March 15, 2011
Is there much room for a power share in politics between Kenya’s new and old guard? What perspectives are missing from our conversation?
The subject of ‘Youth’ linked to the need for new ‘leadership’ has been much in the news of late. From Egypt to Algeria, Tunisia to Syria, Bahrain to Libya and beyond to Ivory Coast and Zimbabwe, the talk, or at least the talk of many commentators in the media, is of disaffected, educated and mostly under-employed ‘youth’ challenging the aged political elites.
Hardly a day goes by in Kenya when a newspaper columnist doesn’t tackle the subject of ‘youth’ and ‘leadership’ but being columnists they can’t agree on what is happening now or what is needed for the future.
The debate seems to be divided between the ‘out with the old and in with the new’ argument calling for a ‘generational shift’ from the old, corrupt and cynical leaders to new, dynamic and honest young leadership, and the more conservative line of conserving that which is good, get rid of the bad and look to a new ‘generational mix’.
According to press reports based on yet more Wikileaks, the US is to press ahead with Sh3.6 billion funding of ‘youth projects’ in Kenya aimed largely at ‘edging out the old leaders’.
A meant-to-be secret letter from US ambassador Michael Ranneberger to Secretary of State Hillary Clinton (but of course secret no longer), said that the embassy was fully behind youth groups whose “ultimate objective is the emergence of alternative political leadership”. Youth groups funded by the US would also be used to promote reforms through “domestically-driven pressure”.
So the US seems to be erring on the side of ‘generational shift’ through “domestically-driven pressure” – domestically driven from the USA that is.
Very much on the ‘generational shift’ side of the argument it would seem was Maina Kiai writing in The Nation. “Power cannot be given; it must be taken … The discourse must draw a clear line and drive the point home that the choice is between the past and the future”, he concluded at the end of a hard-hitting article.

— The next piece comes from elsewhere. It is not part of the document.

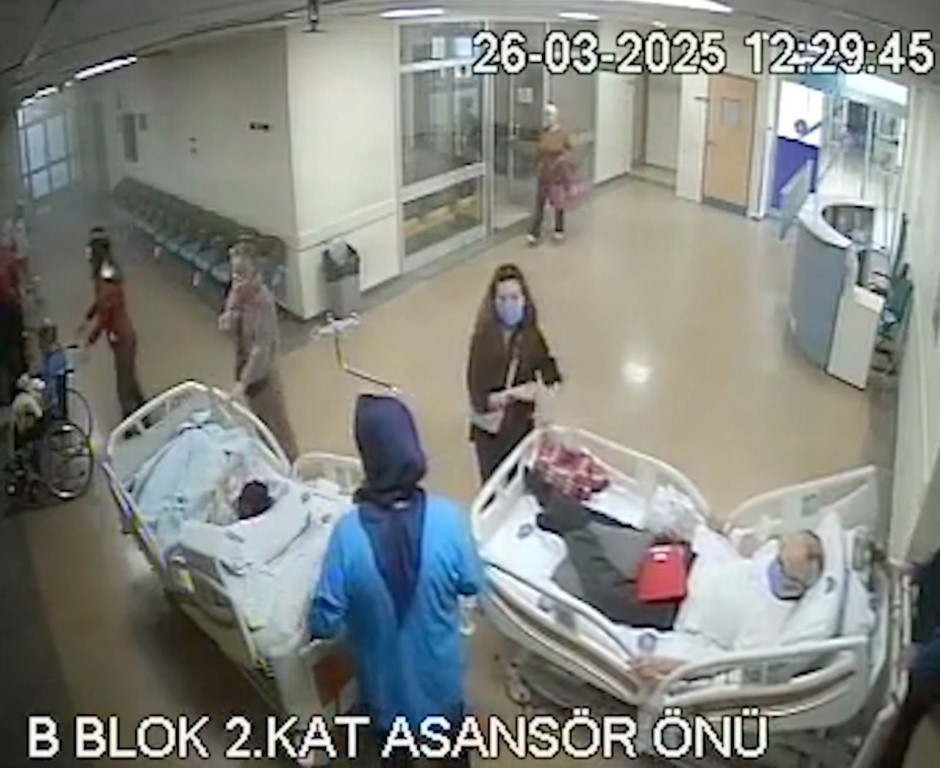 Alevler arasında zamanla yarışan kahramanlar kameraya yansıdı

The headline above an article by Professor Egara Kabaji, also writing in The Nation two days later, gave his position away from the outset: ‘We need a generational mix, not shift’.
‘The old guard have not acted alone’, he declared, but have ‘been actively aided by the so-called youthful leaders’, and that, ‘Most of the youth we elect have let Kenyans down’. It is ‘important to think of a generational mix with focus on new ideas in political and economic leadership rather than an empty generation shift that perpetuates the old order’, the good Professor argued. What was needed was ‘visionary leadership’, ‘new systems’ and ‘high-voltage thinking’, something not determined by age. The Prof surely has a point.
Michael Ranneberger is no spring chicken and the Forum team don’t know the ages of Mr Kiai and Professor Kabaji but guess they are moving beyond ‘youthful’. So let us leave the last word to someone who is undoubtedly youthful and part of the next generation.
Writing in The Young Kenyan Leader, Joan Wanjiru Njiru who the Forum would guess to be aged 16 or 17 years old judging by her photograph, declared, ‘Africa needs leadership that is for the people… African leaders need to realize that the people’s health is what matters; their education is what is of great importance and decent shelter for them tops the list of priorities. Leadership, whose core is the people, is able to build the Kenya and Africa we want’.
High voltage and visionary Miss Njiru says the Forum. Lead on.